__EXTRACTED ENTRIES__:
□ □ □ □
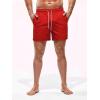 imageOYOANGLE Mens Solid Quick Dry Swim Trunks Drawstring Waist Beach Pool Board ShortsRed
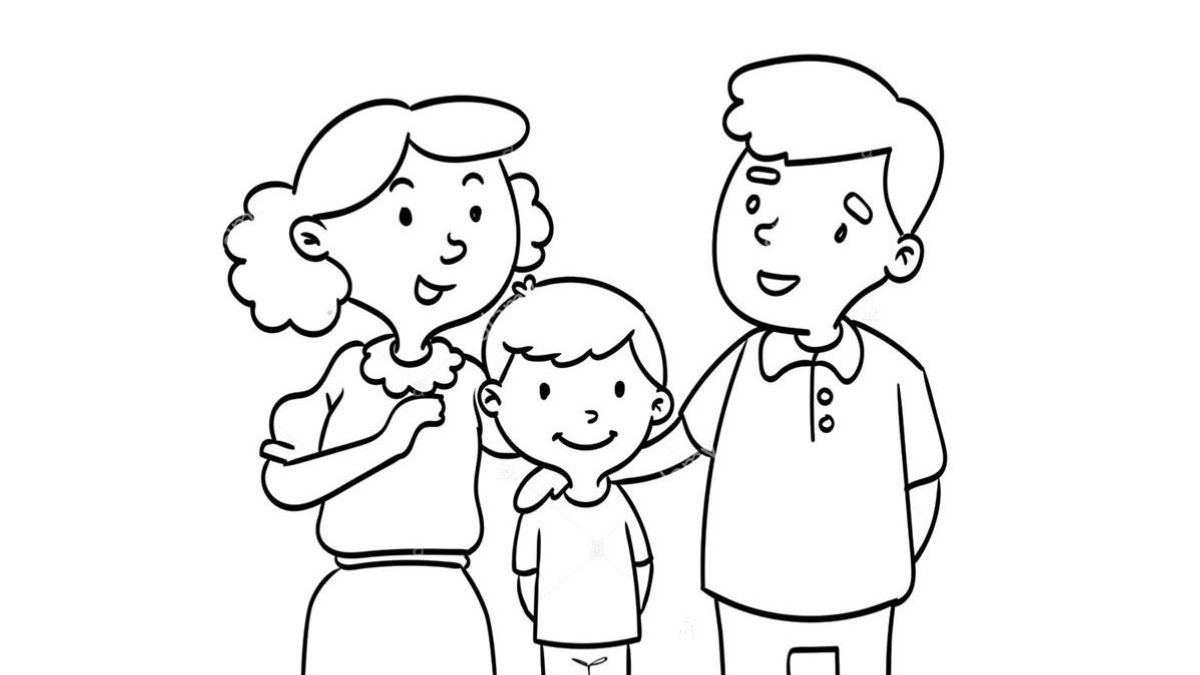 Tranh tô màu cho bé chủ đề gia đình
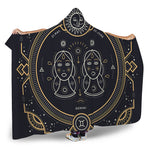Vintage Gemini Zodiac Sign Print Hooded Blanket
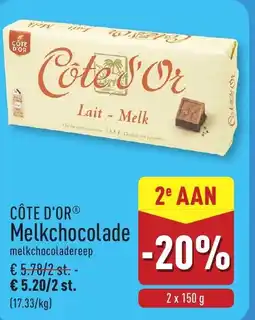 ALDI Côte d'or melkchocolade aanbieding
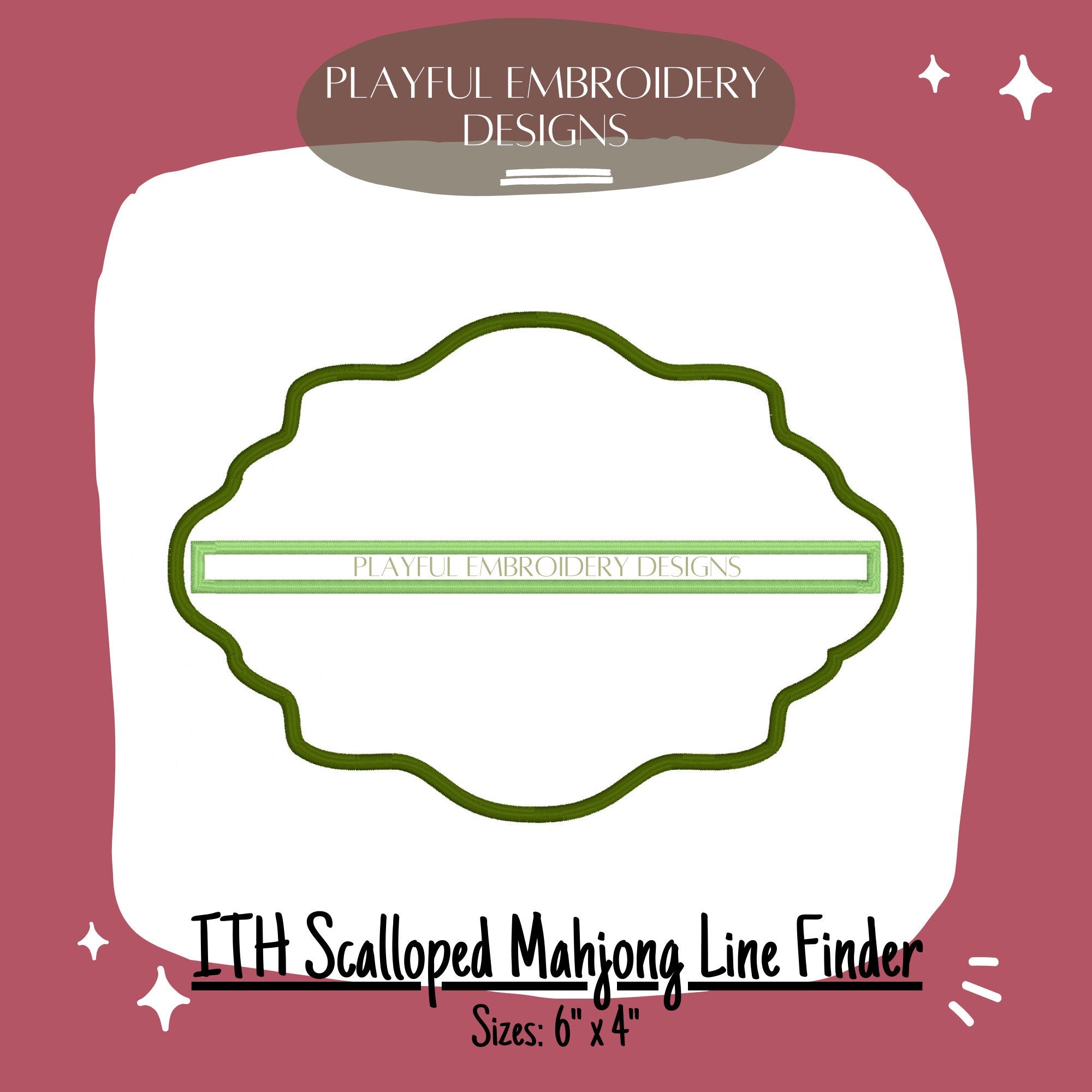 Scalloped In The Hoop Mahjong Line Finder Machine Embroidery Design, ITH Mahj Line Reader, Oval Mahjong Line Reader, 5x7 hoop
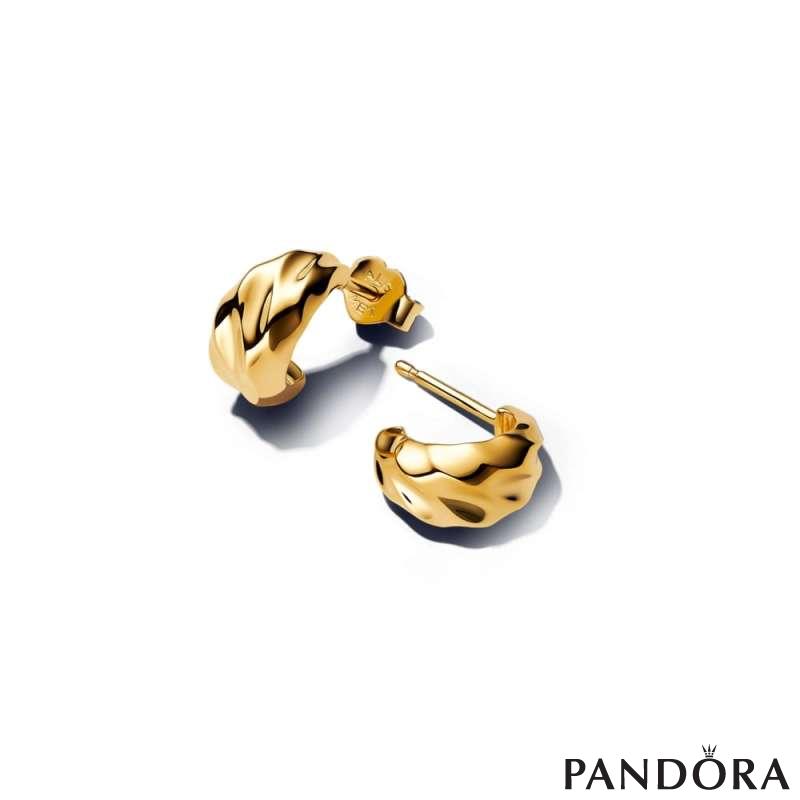 Rippled Open Hoop Earrings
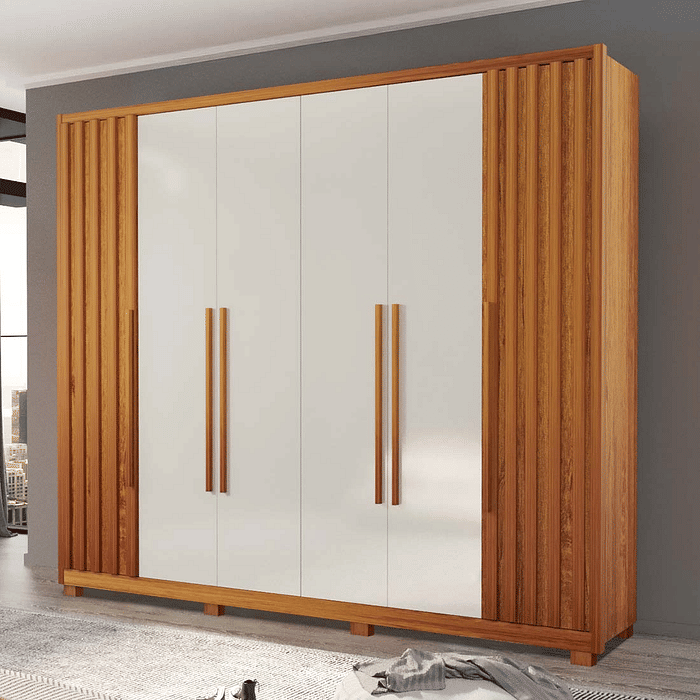Guarda-Roupa Casal em MDF 6 Portas Bom Pastor Big Mary 2.7 - Natural/Off White/Ripado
□ □ □ □
__ACTIVITY__: Copy word for word each line of the data above, from the first through the one containing "ALDI Côte d'or melkchocolade aanbieding", and include no pictures.

__RESULT FOR THIS EXERCISE__:
 imageOYOANGLE Mens Solid Quick Dry Swim Trunks Drawstring Waist Beach Pool Board ShortsRed
 Tranh tô màu cho bé chủ đề gia đình
Vintage Gemini Zodiac Sign Print Hooded Blanket
 ALDI Côte d'or melkchocolade aanbieding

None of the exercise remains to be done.